Lecture 07

2023-04-24 | Week 4 | edited by Matt Wang

(originally written 2022-10-17 by Siddarth Krishnamoorthy)

Matt here! After hearing from Brian Kernighan (which was awesome!), we covered slides 16-52 of Data Palooza.

Table of Contents

Types

In this section, we will take a deep dive into typing and type checking. You should hopefully get a much better idea of the implications of a type system.

Before proceeding, it’s worth asking if are types even necessary to create a programming language?

Yes! It is possible to have a language with no types. Assembly languages are one such example of languages with no type system. They just have a register that holds a 32 (or 64) bit value. The value could represent anything (an integer, float, pointer, etc.). BLISS is another example of a language with no types.

MODULE E1 (MAIN = CTRL) =
BEGIN
FORWARD ROUTINE
    CTRL,
    STEP;
ROUTINE CTRL =
BEGIN
    EXTERNAL ROUTINE
        GETNUM,     ! Input a number from terminal
        PUTNUM;     ! Output a number to terminal
    LOCAL
        X,          ! Storage for input value
        Y;          ! Storage for output value
    GETNUM(X);
    Y = STEP(.X);
    PUTNUM(.Y)
    END;
ROUTINE STEP(A) =
    (.A+1);
END
ELUDOM

But virtually all modern languages have a type system, since it makes programming so much easier and safer.

Must every variable have a type in a typed language?

No! In Python for example, variables are not associated with types.

# Python
def foo(q):
  if q:
    x = "What's my type?" # string
  ...
  x = 10 # int

In general, many dynamically typed (don’t worry, we will cover them in this lecture) languages don’t associate variables with types. However, note that a value is always associated with a type.

Types can broadly be classified into two categories, primitive and composite. Primitive data types are a set of types from which other types are constructed. Composite data types are those types which can be constructed using primitive and composite data types.

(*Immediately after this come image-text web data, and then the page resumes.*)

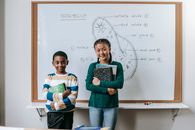 Smart little multiracial schoolchildren doing presentation during biology class
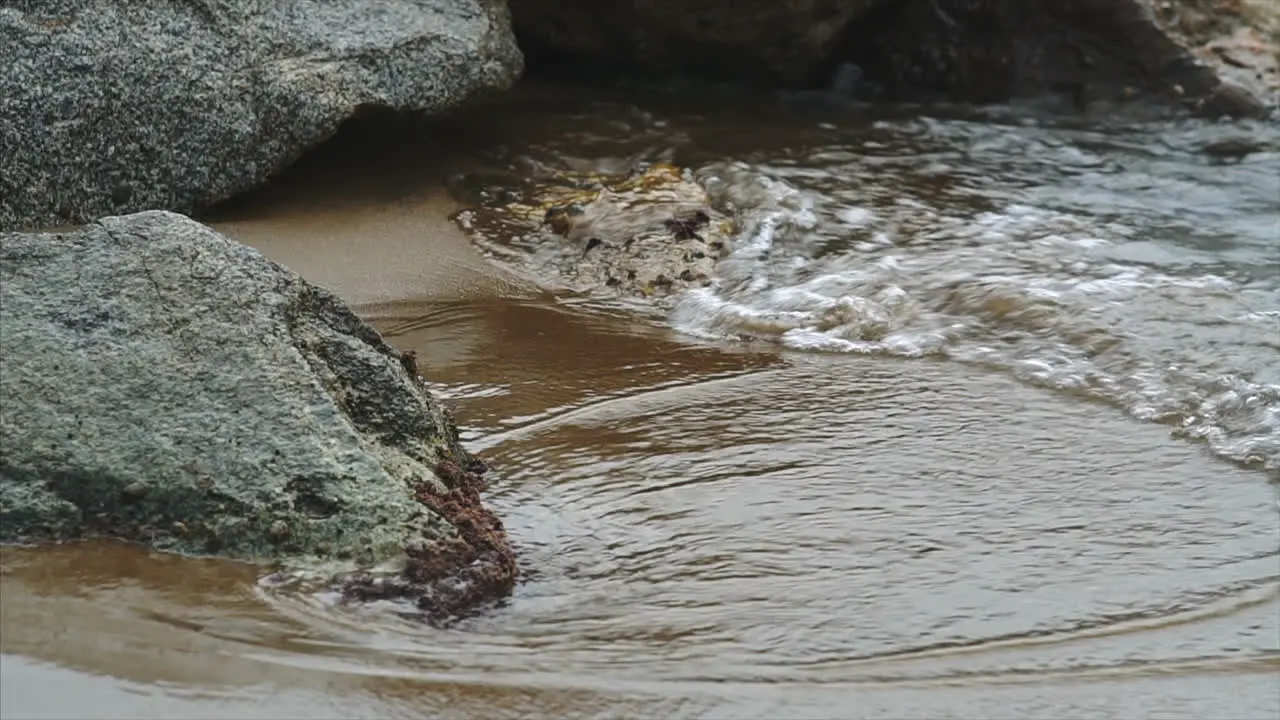 Slow Motion of Waves crashing on rocks with a sandy beach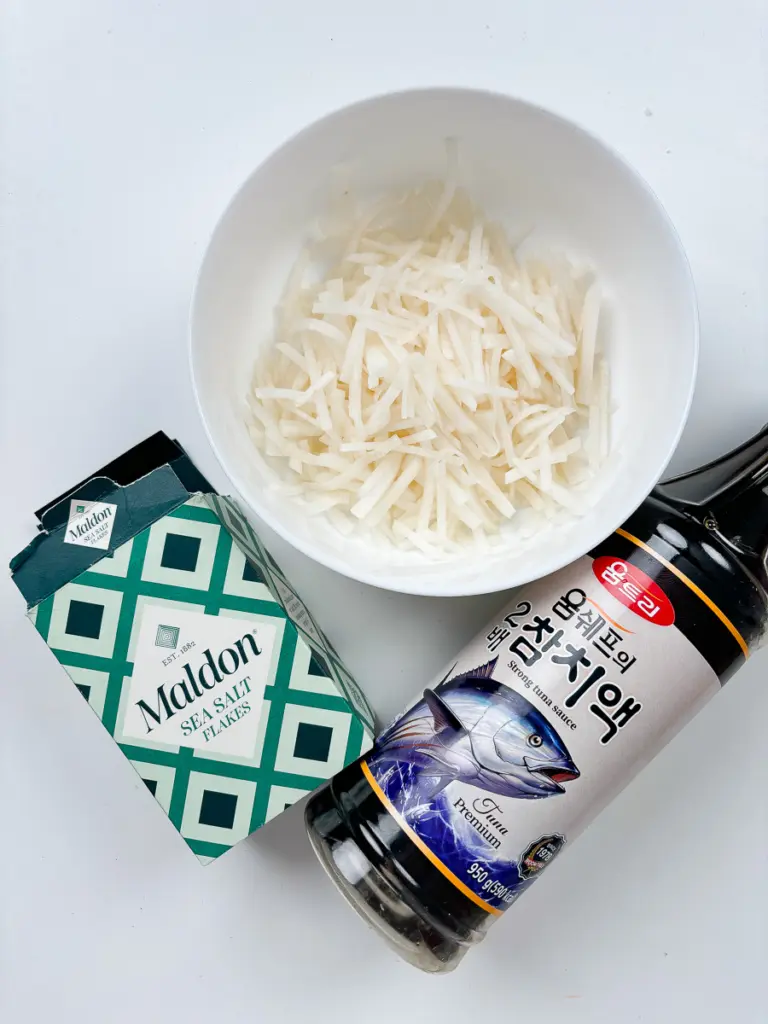 Easy Korean Radish Side Dish (Mu Namul Recipe) with Perilla Seeds Freshly julienned Korean radish ready for Mu Namul recipe.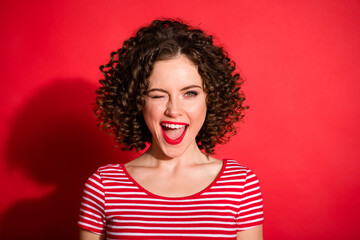 Photo of flirty funny wavy young woman dressed striped outfit winking open mouth isolated red color background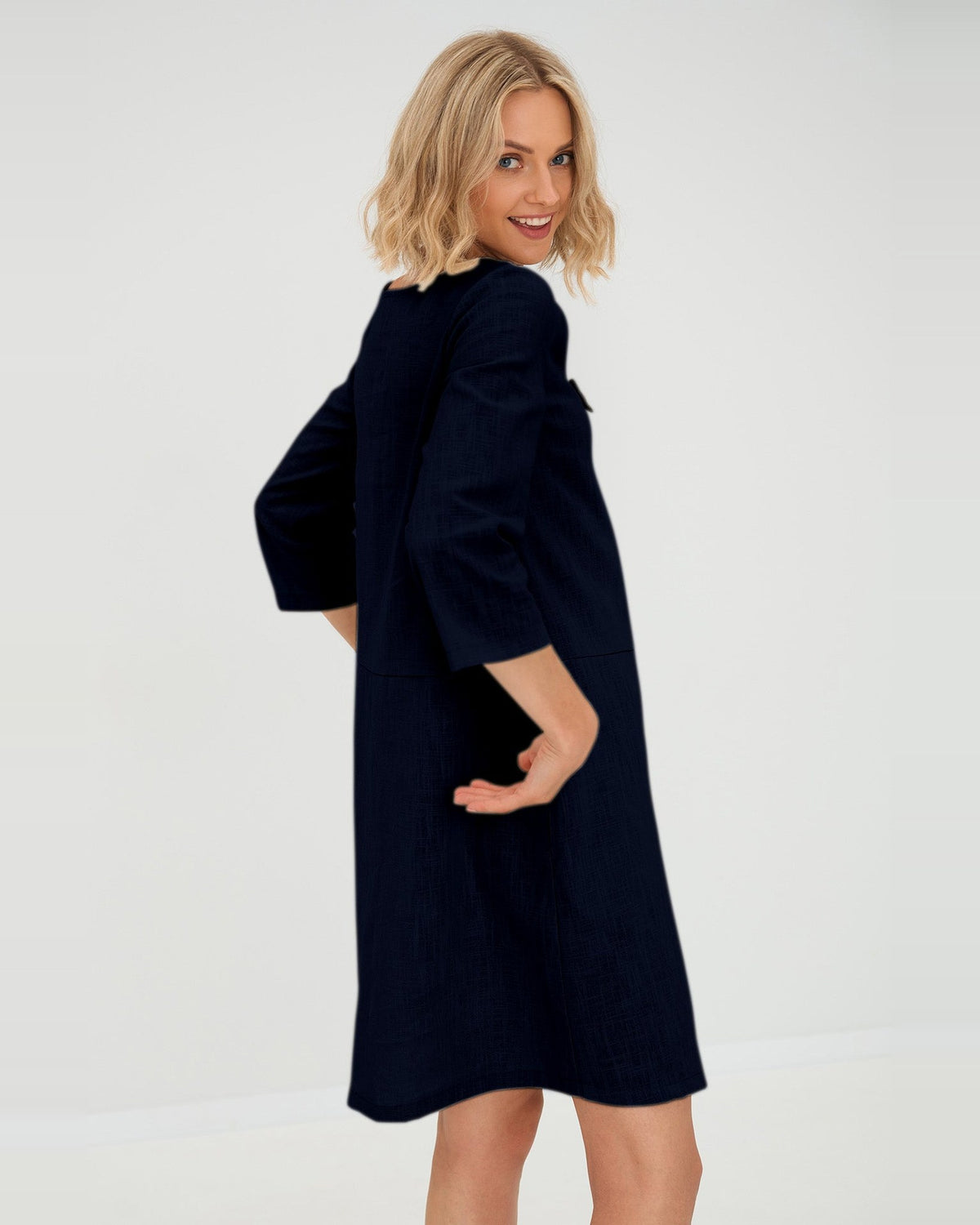 SUN – Linen Blend V-Neck Bow Dress – Deep blue dress, back view over the shoulder, studio #Color_Deep blue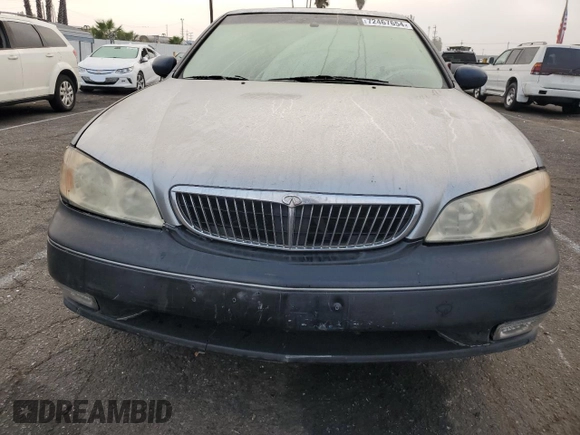 2004 Infiniti I35 z VIN JNKDA31A54T212810, wystawiony jako Copart lot #72467654 z przebiegiem 137 809 mil mil oraz Szkoda całkowita • Salvage title. Historia ofert i sprzedaży dostępna na DreamBid. Obrazek 5.
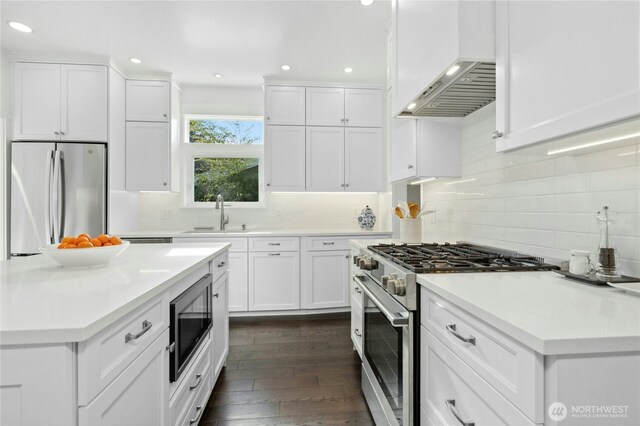 3232 37th Ave S, Seattle, WA 98144 - kitchen with appliances with stainless steel finishes, custom exhaust hood, white cabinetry, dark wood-style flooring, and light countertops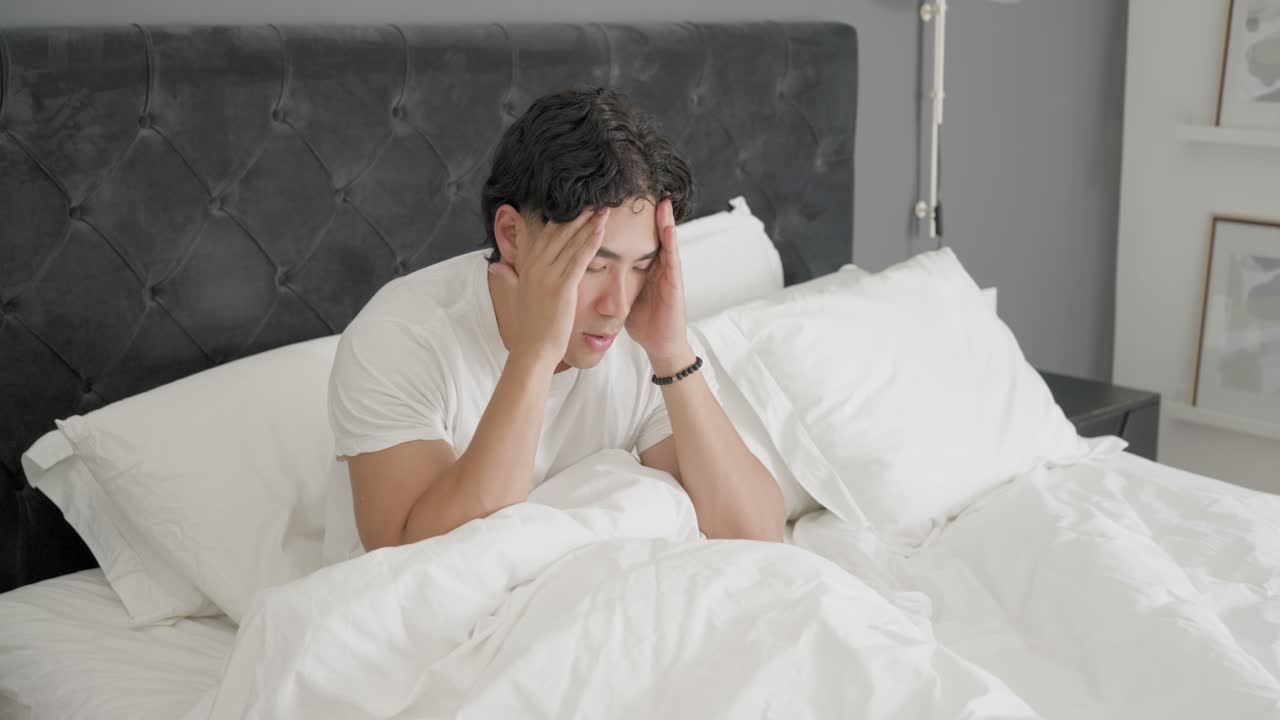 Pria dewasa berbaju kaus putih terbangun di tempat tidur karena alarm ponsel, meraih ponsel, duduk, memijat pelipis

Examples of primitive data types:

  • Integers
  • Booleans
  • Characters
  • Enumerated types (Enums)
  • Floats
  • Pointers

Examples of derived data types:

  • Arrays
  • Structs
  • Variants/Unions
  • Objects
  • Tuples
  • Containers

There can also be data types that don’t fall into either category.

  • Functions
  • Generic types
  • Boxed types

A boxed type is just an object whose only data member is a primitive (like an int or a float)

class Integer {
 public:
   int get() const { return val_; }
 private:
   int val_;
};

In languages like Python that pass by object reference, this lets you “change” a primitive type’s value!

Type checking

Type checking is the process of verifying and enforcing constriants on types. Type checking can occur during compile time (static) or during run time (dynamic). The language can also specify the degree of strictness for type checking (strong and weak type checking). We will go into more detail on all of these topics.

type-checking
Type checking approaches. Type checkers can be classified on the basis of whether they run during compile time or during run time. Type checkers can also be classified on the basis of strictness (strong or weak).

Static typing

Static typing is the process of verifying that all operations in a program are consistent with the types of the operands prior to program execution. Types can either be explicitly specified (like in C++) or can be inferred from code (like in Haskell). For inferred types, if the type checker cannot assign distinct types to all variables, functions, and expressions or cannot verify type safety, then it generates an error. But if a program type checks, then it means the code is (largely) type safe, and few if any run time checks need to be performed.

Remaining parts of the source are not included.